The boys literally went out the door, white lights came on in the bird, we're green mean and ready to blank fire the shit out of the opfor. BOOM goes our platoon flag, and it's time to reaffirm my diminished mental capacity.

I guess I just don't understand how someone could even remotely think reupping in that manner would be something they would want to remember for the rest of their life, like losing your virginity, your first jump, first actual contact, etc. Let alone a goddamn field grade officer being cool with that.
 
When the LTG doesn't fire someone.... every one bitches that there is no discipline left in the military. I cannot count how many people bitched that part of the problem with the military is forgotten tradition- while I was still in the service. The same people that bitch when their new private wont stand at parade-rest are the same ones that get mad when the First Sergeant yells at them for saying "Top." If not getting to wear a sock puppet when they re-up is the reason troops are getting out, then so be it and the unhappy troops are welcomed to leave. If posting our individuality to social media is more important than the tradition that NCO's have sworn to uphold, then lets celebrate it. Enough of this fake pomp and circumstance over stupid ceremonies.
The same folks that will call one issue a stupid ceremony are the same ones that will bitch that they didn't get the right PCS award - so lets just shit can the whole charade.

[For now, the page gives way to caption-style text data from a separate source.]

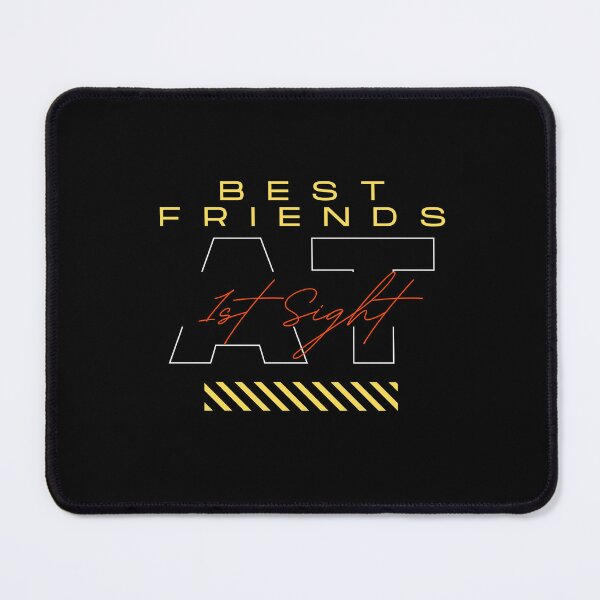Item preview, Best Friend at first sight designed and sold by Saimia.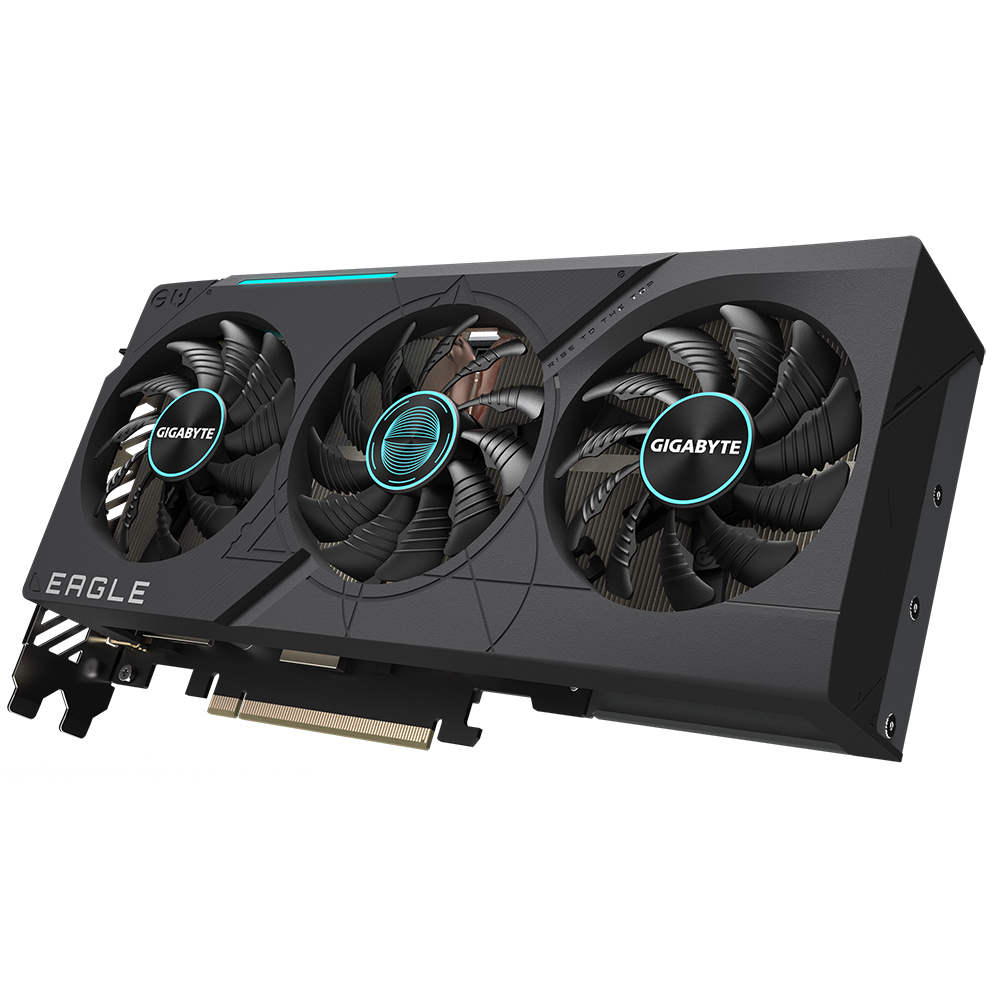 Nvidia GeForce RTX 4070 TI SUPER EAGLE OC 16G GDDR6X 256 bit/2640MHz/PCI-E 4.0/Max Res 7680x4320/3x DP 1.4a & 1x HDMI 2.1a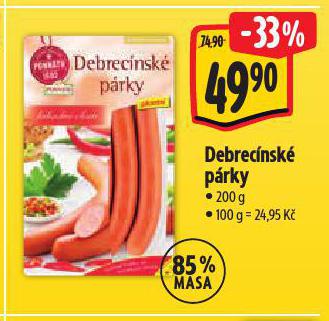 DEBRECNSK PRKY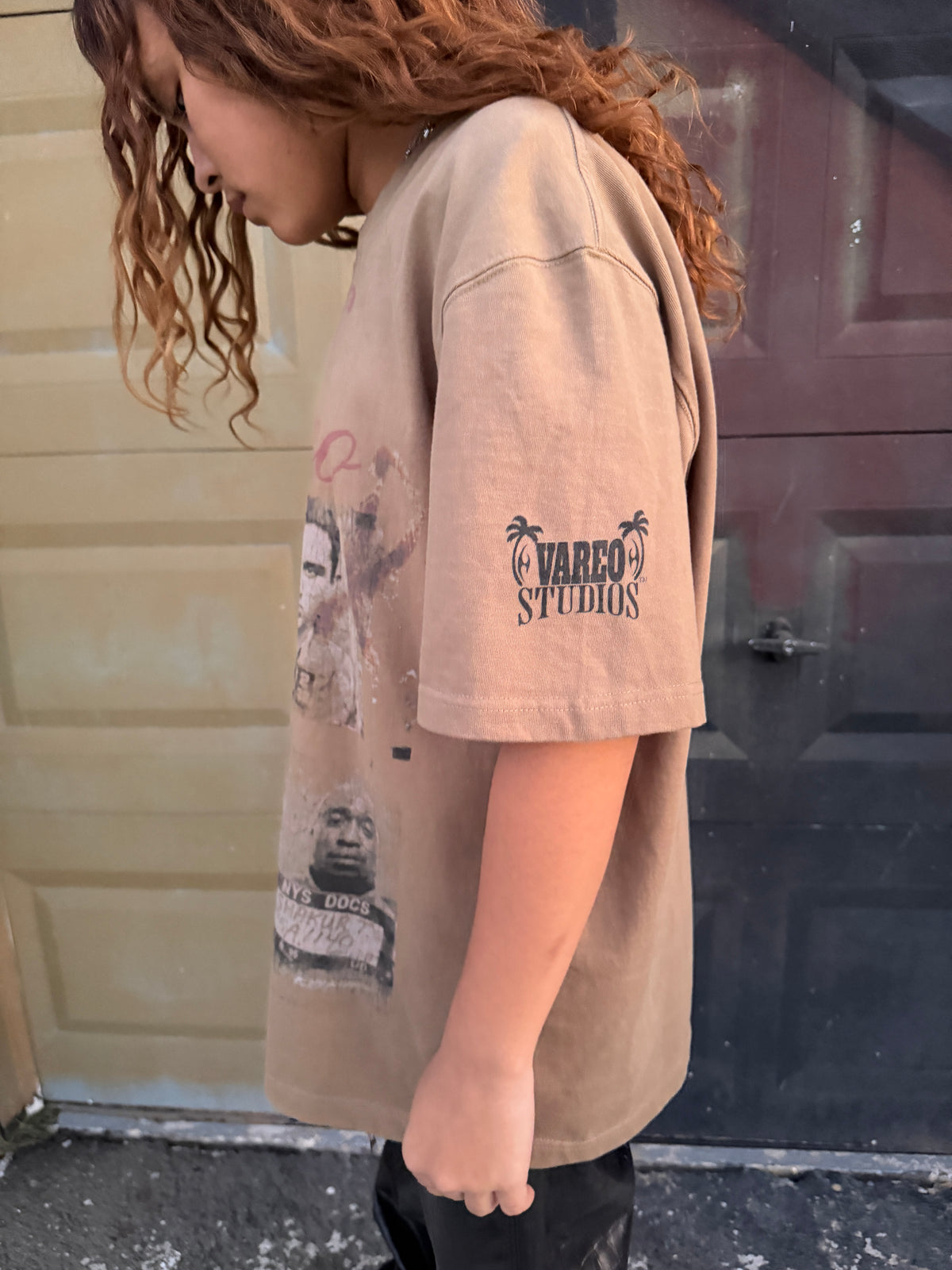 Baggy Graphic T-Shirt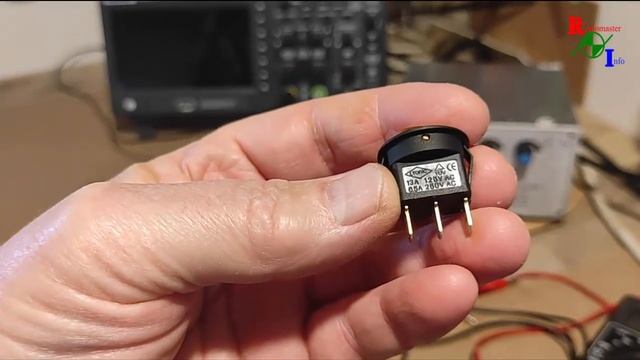 Кнопки с подсветкой. Особенности подключения.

I'm guilty - I once told a friend not to call me "dude" in public" - my first name was Sergeant Major when we were in a professional setting - he could call me mother fucker in private - but not in front of our troops.
Why? Because stupid ceremony.
...and I had pretty good success with reenlistment in my unit.

Stupid ceremony.

I'm all in - lets stop this fascination with pomp and circumstance and get rid of mindless military tradition that demand we take things seriously.
...no more bitching when the military wants to save money by getting rid of buglers and playing a tape
...no more bitching when we disband the Old Guard because they represent an overkill of resources just to put a dead guy in the ground
...no more bitching when we stop saluting the O6 because its all just stupid ceremony
...no more bitching when our troops just refer to their leaders as 'bruh - because, well - stupid ceremony
...
most importantly, no more listening to angry veterans complaining about tradition


Was firing a few career troops over sophomoric behavior overkill?
ABSO-FUCKING-LUTELY - the LTG shot a fox in the hen house with a recoilless rifle. WAAAAY overkill.
Maybe some ink and paper professional development would have been MUCH more appropriate.

...but, if you play stupid games you will win stupid prizes.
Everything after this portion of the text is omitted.